“The poetry of Sylvia Plath is intense, deeply personal and quite disturbing.”

Do you agree with this assessment of her poetry?

 

I agree with the assessment that Plath’s poetry is intense, deeply personal and quite disturbing. Plath has a dark mind filled with doubts and demons of all shapes and sizes which provide a rich repertoire of imagery to draw from.

 

One of her most intense poems is “Pheasant”. She uses an urgent tone and abrupt sentences to convey the intensity of the situation. “Do not Kill it” is a statement she makes, pleading with the man to let the poultry live. A popular interpretation of this poem is that the pheasant represents Plath’s marriage with Ted Hughes. The use of short sentences and a pleading tone create an atmosphere of urgency and intensity. The poem is deeply personal for the same reason. “It has a kingliness, a right”. She is pleading with the man again, admiring the bird and stating that it belongs here, that they “trespass stupidly”. She celebrates the bird, admiring its majesty and colour, it’s almost as if she is admiring her marriage and the complexity of it. This poem is deeply personal and intense.

 

“Arrival Of The Bee Box” is a poem that encompasses all three adjectives i this question’s assessment. The intensity of the poem is created through her desire to trust the bees but her fear of trusting them. “I am not a caesar.” Plath feels she is inadequate to control the bees, comparing them to a “roman mob” in the extended metaphor.

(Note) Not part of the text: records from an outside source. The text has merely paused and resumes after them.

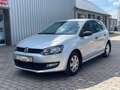 Volkswagen Polo V Trendline Silber - thumbnail 4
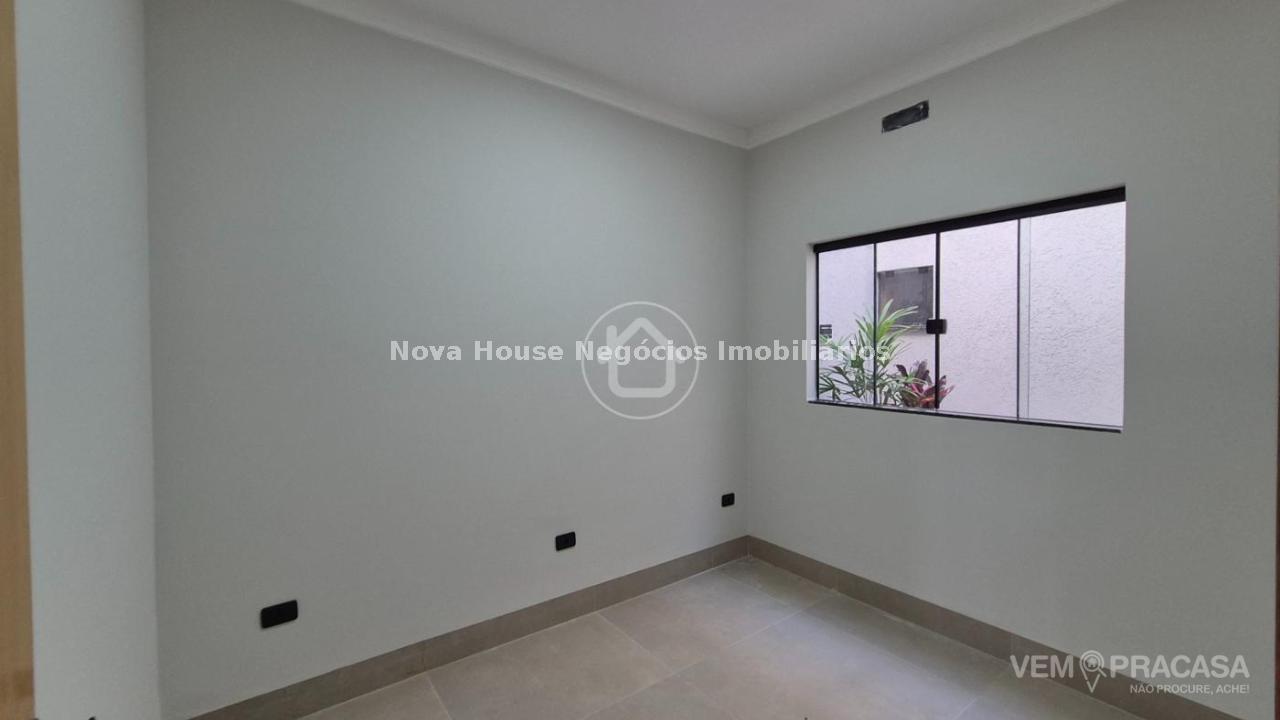 Casa Térrea à venda no Residencial Sírio Libanês II, Campo Grande – foto 18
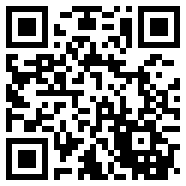 勇敢的哈克手机版v1.3.1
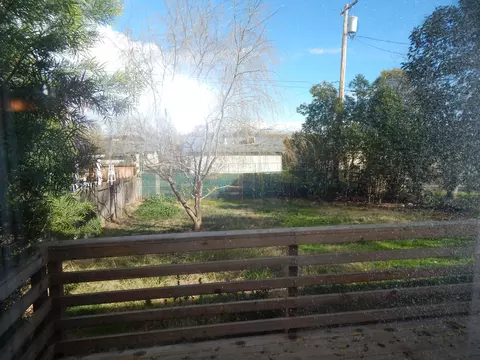 1735 Mesa St, Redding, CA 96001 photo 12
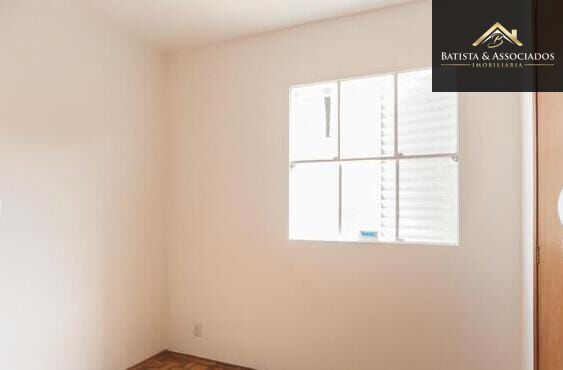 Apartamento, 2 quartos, 65 m² - Foto 10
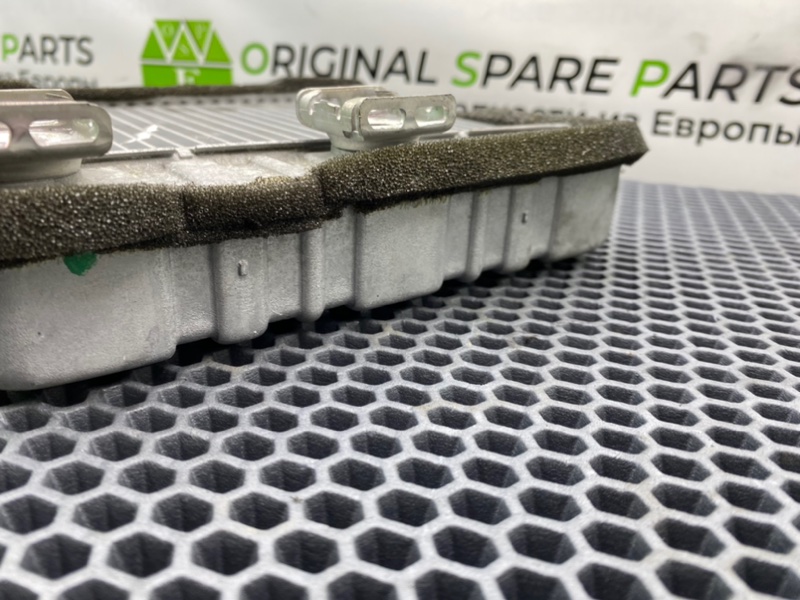 Радиатор печки, 2600 рублей, Калининград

She fears their wrath but, ironically, also wants to set them free – “If I just undid the locks and stood back”. Her poem is deeply personal and disturbing as it explores Plath’s dark mind and the struggle within it. “I lay my ear to furious latin… I have simply ordered a box of maniacs”. The bees in the box represent Sylvia Plath’s mental anguish and inner demons. She calls them maniacs because she feels they will her if set loose but, again, she wants to experience their inspiration and their emotion. A disturbing quality to this is poem is that Plath predicted her own suicide in the line “with my moon suit and funeral veil” which leads the reader to assume she undid the locks eventually. Afterall, “the box is only temporary”.

 

Another deeply personal poem by Plath is “Morning Song”. Plath struggles with her feelings about her first-born child and the doubt is apparent in the poem. “Your nakedness shadows our safety”. Plath feels threatened by the child, afraid it will “efface” her  identity. From the beginning, Plath views the child as ornamental and mechanical – “love set you going like a fat gold watch”. The metaphor comparing the child to a fat gold watch suggests she feels the child is over-complicated for the true purpose it serves. Although her detachment from her child is disturbing, the last two stanzas change her tone as she realises her love for the baby. “The window square whitens and swallows its dull stars. And you try your hurtful of notes; the clear vowels rise like balloons”. The run-on line between the two stanzas indicates the transition from night to day; from detachment to admiration. Morning Song is deeply personal for its exploration of Plath’s doubts about having a child but it is also disturbing for displaying just how detached she feels.

 

Plath’s poetry is a great example of the exploration of the mind and how deeply personal poetry can be. “Child” is a perfect example of this. The poem begins with a fascination and love for her child: “Your clear eye is the one absolutely beautiful thing”. The clear eye later reflects Plath’s image back at her but her admiration for it leads her to the impulse to “fill it with colours and ducks”. She feels her child deserves the best; that she deserves to be happy and in awe of “the zoo of the new”. Plath compares life to a zoo. She feels life is a big collection of cages for people to be trapped in. This becomes apparent when she says “not this troublous wringing of hands”. The troublous wringing symbolises her agitated mind and a world which is “without a star”. She feels there is no hope in life and her feelings of inadequacy – not being able to fill her daughter’s life with colours and ducks – lead me to conclude that this poem is both deeply personal, disturbing and intense.

 

Plath has a unique way with words and a wonderful array of images that add to the personality of each poem. Her bleak outlook on some of the world’s qualities, highlights her depression – “Miracles occur if you can call those spasmodic tricks of radiance miracles”. Also her exploration of that depression gives her poems a personal feeling and a disturbing quality – “she rewards me with tears and an agitation of hands”. Overall, Plath’s poetry “flares” at your elbow and leaves you feeling intensity, feeling disturbed and feeling like, for a brief moment, we were Sylvia Plath and we were experiencing her thoughts and doubts – “In me she has drowned a young girl and in me an old woman rises towards her day after day like a terrible fish”.